Two thumbs up for Ithaca by Claire North. Historical fantasy.
When you read a lot and then you find a book that knocks your socks off, it can be hard to explain why. I am going to use some words about Ithaca that sound like the Guardian reviewing a Shakespeare interpretation: this book is mature, assured, poignant, witty, and cutting. Since it is a story from Homer retold from the women’s point of view, the comparison to Madeline Miller’s Circe is obvious, and I did love Circe, but this book has a lot more bite to it. It is also a more challenging read: it is trying for some things, and it succeeds. Ithaca is Penelope’s story as narrated by Hera, who is omniscient, but by no means omnipotent, for she, like Penelope, is trying to change the course of history while avoiding the notice of the men who would stop her.

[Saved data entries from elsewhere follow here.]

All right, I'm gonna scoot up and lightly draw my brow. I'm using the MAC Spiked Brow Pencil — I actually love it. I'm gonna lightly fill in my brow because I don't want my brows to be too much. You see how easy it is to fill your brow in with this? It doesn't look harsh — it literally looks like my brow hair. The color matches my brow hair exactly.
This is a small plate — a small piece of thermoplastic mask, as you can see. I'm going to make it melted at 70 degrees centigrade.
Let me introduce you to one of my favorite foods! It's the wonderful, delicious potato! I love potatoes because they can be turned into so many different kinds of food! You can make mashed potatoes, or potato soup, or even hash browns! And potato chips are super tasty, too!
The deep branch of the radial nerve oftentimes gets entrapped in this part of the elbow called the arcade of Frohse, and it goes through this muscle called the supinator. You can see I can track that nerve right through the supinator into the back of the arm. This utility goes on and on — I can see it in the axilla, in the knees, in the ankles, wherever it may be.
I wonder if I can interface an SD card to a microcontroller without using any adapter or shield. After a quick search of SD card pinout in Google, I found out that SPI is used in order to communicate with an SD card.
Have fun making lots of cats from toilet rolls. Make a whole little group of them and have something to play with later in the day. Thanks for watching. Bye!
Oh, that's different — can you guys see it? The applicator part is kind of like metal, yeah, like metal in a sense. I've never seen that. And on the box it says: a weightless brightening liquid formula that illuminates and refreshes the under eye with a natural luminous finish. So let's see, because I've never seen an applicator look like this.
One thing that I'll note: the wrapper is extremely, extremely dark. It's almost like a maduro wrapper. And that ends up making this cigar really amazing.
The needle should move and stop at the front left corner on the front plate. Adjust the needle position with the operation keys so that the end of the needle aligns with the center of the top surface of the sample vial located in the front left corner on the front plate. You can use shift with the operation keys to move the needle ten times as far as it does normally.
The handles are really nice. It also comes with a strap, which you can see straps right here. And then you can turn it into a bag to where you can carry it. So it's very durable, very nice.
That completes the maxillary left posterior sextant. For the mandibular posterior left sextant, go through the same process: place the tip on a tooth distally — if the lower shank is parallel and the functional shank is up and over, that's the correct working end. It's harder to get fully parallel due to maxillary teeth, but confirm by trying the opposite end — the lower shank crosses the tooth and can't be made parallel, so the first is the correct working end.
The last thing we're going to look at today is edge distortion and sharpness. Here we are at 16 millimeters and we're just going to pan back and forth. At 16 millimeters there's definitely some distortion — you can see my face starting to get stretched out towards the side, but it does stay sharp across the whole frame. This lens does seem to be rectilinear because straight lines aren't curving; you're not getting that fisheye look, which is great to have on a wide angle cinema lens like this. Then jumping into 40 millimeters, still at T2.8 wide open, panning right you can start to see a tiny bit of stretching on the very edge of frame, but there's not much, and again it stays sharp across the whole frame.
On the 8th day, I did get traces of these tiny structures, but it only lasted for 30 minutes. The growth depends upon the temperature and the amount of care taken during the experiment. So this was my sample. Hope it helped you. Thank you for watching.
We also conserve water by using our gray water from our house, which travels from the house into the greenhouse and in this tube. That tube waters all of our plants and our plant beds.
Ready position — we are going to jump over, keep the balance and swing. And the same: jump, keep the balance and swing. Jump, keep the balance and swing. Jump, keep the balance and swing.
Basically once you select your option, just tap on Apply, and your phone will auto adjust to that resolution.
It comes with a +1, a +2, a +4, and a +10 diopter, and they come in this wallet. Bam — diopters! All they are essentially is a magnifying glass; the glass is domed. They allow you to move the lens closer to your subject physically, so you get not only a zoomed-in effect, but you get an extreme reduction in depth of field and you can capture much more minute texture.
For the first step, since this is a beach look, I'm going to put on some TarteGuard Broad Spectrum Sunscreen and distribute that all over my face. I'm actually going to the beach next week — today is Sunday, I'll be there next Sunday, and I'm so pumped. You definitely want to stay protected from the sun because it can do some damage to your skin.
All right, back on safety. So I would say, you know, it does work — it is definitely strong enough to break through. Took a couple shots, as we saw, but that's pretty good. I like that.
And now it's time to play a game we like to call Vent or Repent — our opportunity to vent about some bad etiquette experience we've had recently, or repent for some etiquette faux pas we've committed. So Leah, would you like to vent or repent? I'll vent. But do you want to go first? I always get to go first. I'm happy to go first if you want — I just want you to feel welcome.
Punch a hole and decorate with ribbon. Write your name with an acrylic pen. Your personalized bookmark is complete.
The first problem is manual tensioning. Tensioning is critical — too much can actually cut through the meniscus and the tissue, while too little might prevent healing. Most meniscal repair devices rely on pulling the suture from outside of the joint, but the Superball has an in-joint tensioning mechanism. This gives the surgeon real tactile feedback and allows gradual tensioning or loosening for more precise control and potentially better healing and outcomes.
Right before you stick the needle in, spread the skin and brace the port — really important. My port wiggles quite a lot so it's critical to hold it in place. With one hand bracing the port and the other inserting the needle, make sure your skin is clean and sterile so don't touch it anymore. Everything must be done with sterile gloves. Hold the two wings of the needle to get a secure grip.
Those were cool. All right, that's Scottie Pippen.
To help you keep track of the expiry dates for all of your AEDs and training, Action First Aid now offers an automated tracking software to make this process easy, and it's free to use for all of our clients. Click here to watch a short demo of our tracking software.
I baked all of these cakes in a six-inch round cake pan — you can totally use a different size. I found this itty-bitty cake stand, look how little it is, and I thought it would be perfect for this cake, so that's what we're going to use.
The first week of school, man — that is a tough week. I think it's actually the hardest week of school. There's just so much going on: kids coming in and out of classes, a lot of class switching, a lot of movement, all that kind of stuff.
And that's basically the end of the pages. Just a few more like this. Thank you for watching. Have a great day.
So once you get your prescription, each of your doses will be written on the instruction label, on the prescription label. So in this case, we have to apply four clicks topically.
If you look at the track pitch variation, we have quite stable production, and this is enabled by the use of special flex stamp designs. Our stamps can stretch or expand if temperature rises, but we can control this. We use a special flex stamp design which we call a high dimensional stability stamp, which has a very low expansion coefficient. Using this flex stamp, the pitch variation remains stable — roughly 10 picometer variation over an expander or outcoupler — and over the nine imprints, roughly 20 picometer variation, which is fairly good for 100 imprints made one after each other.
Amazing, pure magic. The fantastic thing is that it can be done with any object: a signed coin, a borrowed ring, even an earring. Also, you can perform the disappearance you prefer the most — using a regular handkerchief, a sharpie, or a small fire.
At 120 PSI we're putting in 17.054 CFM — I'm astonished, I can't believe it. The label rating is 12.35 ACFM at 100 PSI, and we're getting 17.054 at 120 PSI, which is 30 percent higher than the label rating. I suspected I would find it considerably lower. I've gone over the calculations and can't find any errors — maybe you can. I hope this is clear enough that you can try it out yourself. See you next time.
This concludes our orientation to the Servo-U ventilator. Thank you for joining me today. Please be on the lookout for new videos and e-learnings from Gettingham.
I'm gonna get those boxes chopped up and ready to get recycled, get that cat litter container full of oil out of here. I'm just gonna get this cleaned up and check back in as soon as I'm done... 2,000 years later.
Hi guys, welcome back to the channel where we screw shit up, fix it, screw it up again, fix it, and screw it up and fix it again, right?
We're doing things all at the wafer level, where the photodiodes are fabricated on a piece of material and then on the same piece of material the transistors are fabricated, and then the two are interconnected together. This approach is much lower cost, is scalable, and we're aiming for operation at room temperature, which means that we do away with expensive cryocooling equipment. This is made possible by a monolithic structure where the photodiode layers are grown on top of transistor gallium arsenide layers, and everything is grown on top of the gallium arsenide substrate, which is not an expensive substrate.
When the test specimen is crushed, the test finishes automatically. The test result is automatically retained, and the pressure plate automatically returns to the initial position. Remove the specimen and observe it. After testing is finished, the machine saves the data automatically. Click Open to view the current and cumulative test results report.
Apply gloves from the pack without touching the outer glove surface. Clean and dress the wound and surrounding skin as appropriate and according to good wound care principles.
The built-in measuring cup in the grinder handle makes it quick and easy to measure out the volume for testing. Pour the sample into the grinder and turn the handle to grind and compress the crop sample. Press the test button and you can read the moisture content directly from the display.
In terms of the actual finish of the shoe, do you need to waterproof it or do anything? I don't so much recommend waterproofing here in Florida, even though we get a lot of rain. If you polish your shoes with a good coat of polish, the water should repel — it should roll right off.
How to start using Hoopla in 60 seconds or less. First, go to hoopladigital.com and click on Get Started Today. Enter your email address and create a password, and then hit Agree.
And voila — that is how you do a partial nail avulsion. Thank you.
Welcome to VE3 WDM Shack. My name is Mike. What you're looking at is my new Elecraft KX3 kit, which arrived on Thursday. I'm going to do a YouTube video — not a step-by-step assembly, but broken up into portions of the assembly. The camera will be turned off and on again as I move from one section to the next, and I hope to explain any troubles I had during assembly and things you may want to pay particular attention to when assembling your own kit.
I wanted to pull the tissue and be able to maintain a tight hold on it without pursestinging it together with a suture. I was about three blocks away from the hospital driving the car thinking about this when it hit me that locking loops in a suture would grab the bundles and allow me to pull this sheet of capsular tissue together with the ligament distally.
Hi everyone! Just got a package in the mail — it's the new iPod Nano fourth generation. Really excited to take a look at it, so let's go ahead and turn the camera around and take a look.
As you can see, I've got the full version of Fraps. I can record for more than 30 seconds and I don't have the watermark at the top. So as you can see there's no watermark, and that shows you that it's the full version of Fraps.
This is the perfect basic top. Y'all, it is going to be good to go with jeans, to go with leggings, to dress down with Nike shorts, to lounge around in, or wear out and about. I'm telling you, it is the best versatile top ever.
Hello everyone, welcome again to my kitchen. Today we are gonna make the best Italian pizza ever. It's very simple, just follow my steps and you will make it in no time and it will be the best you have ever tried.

Seriously, if you read one “feminist myth retelling” this decade, let it be this one.
All three [queens of Greece] came from Sparta, and shared some of the same mortal blood. One was the daughter of a naiad. This creature of sea and pearl, seeing Icarius, prince of Sparta and brother to the king, bathing one day by the mouth of the river, exclaimed, “Hey, prince, get a load of this!” or words to that effect, and he, with very little forethought, absolutely did. When nine months later she slipped out of the stream behind the palace and presented him with their daughter, he politely accepted the wailing bundle from the naiad’s already departing form, took her to a cliff and serenely threw her to her death. A flock of helpful ducks, who understood that naiads might not want to raise their own children but would certainly be insulted if one was left to die, carried Penelope to safety, and getting the quacking message at last, Icarius took her home to his mortal wife with a jaunty cry of “Dearest one, the gods have blessed us with this fortunate yet mysterious infant! What luck, what!”